• ABOUT THIS TASK
Return the listing exactly. Keep no pictures.

-- RECORDS SHOWN follows --

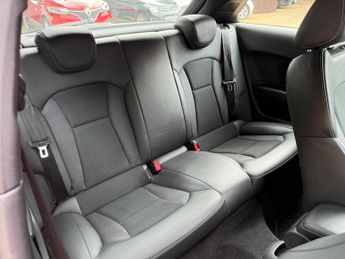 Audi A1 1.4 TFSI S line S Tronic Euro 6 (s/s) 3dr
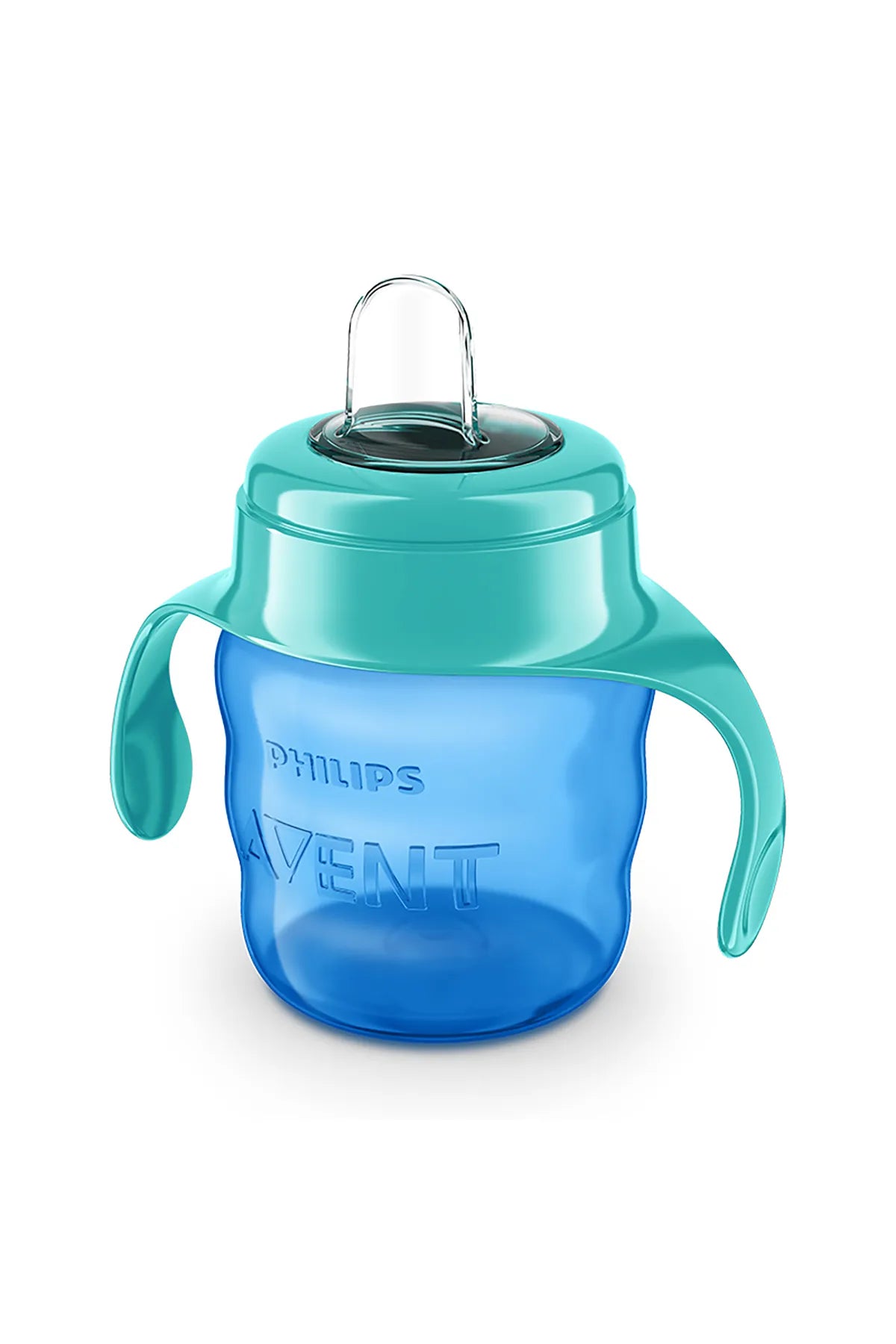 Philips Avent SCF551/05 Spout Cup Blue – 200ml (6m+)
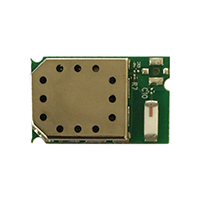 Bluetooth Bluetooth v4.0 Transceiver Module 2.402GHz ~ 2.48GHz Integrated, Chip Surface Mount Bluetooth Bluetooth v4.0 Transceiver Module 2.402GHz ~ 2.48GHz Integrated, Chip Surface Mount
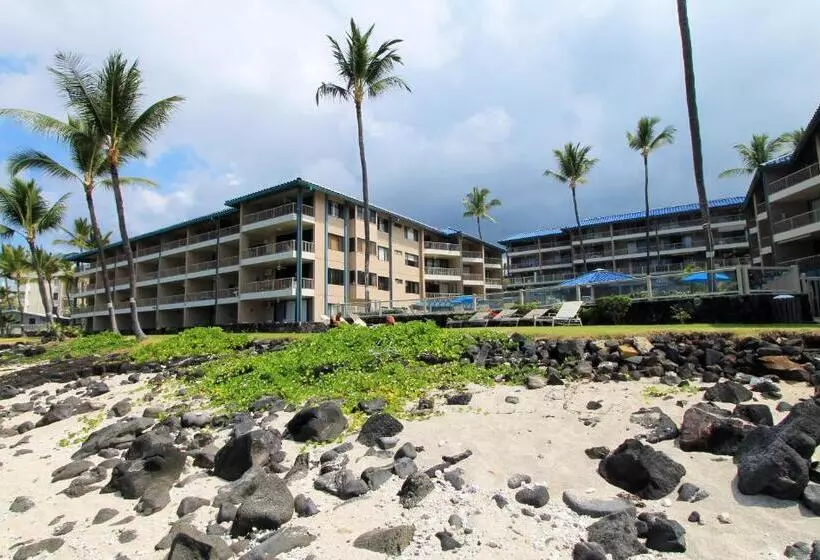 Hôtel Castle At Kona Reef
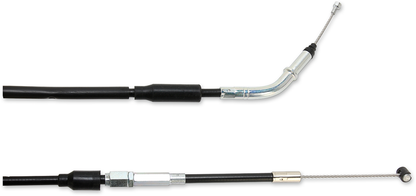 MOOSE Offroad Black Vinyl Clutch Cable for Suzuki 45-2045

-- RECORDS SHOWN concluded --

• ANSWER FOR THIS EXERCISE
 Audi A1 1.4 TFSI S line S Tronic Euro 6 (s/s) 3dr
 Philips Avent SCF551/05 Spout Cup Blue – 200ml (6m+)
 Bluetooth Bluetooth v4.0 Transceiver Module 2.402GHz ~ 2.48GHz Integrated, Chip Surface Mount Bluetooth Bluetooth v4.0 Transceiver Module 2.402GHz ~ 2.48GHz Integrated, Chip Surface Mount
 Hôtel Castle At Kona Reef
 MOOSE Offroad Black Vinyl Clutch Cable for Suzuki 45-2045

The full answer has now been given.